* [DATASET EXCERPT]
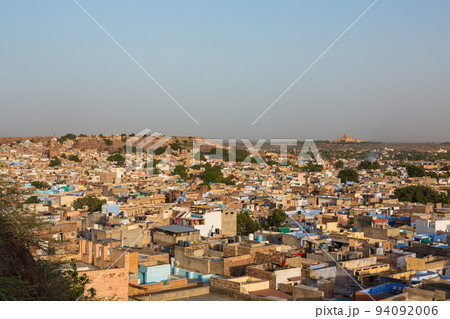 インド ジョードプルのメヘラーンガル砦の丘から望む旧市街の街並み インド ジョードプルのメヘラーンガル砦の丘から望む旧市街の街並み 94092006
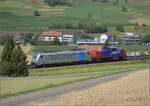Der Railpool-Traxx 187 003 überführt die Hybridlok Ama 832 Richtung Basel. Frick, Juli 2023.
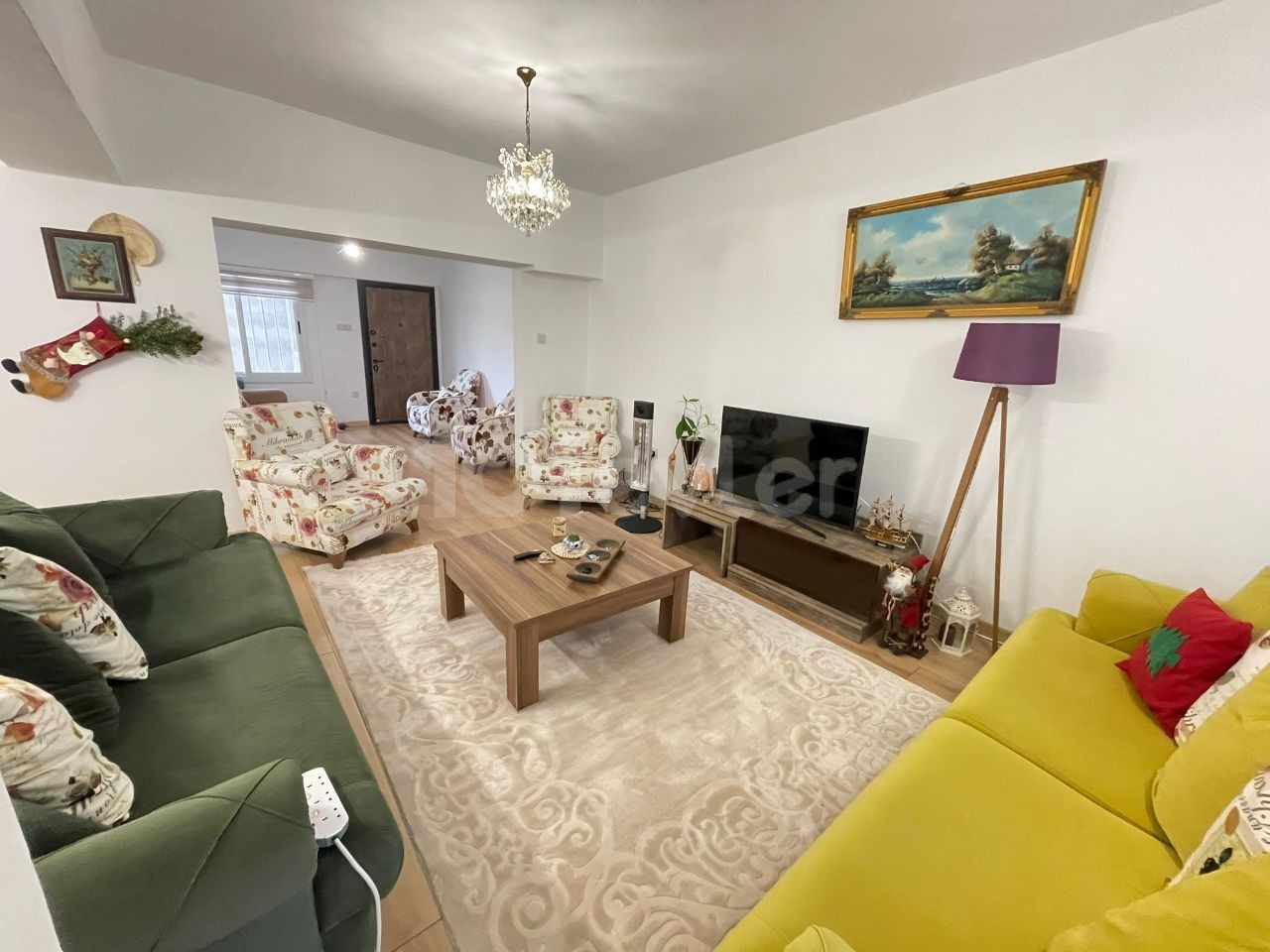 Neu renovierte 3-Zimmer-Wohnung mit Aufzug zum VERKAUF in Nicosia Çağlayan District!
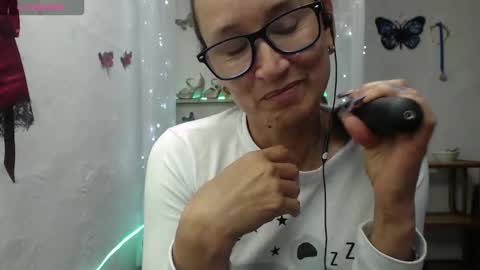 SANDRA online show from February 3, 12:10 pm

* [WHAT YOU SHOULD DO] In your answer, copy exactly the lines running from the line with "Der Railpool-Traxx 187" to the end of the material above, both included, and omit all pictures.

* [TASK RESULT]
Der Railpool-Traxx 187 003 überführt die Hybridlok Ama 832 Richtung Basel. Frick, Juli 2023.
 Neu renovierte 3-Zimmer-Wohnung mit Aufzug zum VERKAUF in Nicosia Çağlayan District!
 SANDRA online show from February 3, 12:10 pm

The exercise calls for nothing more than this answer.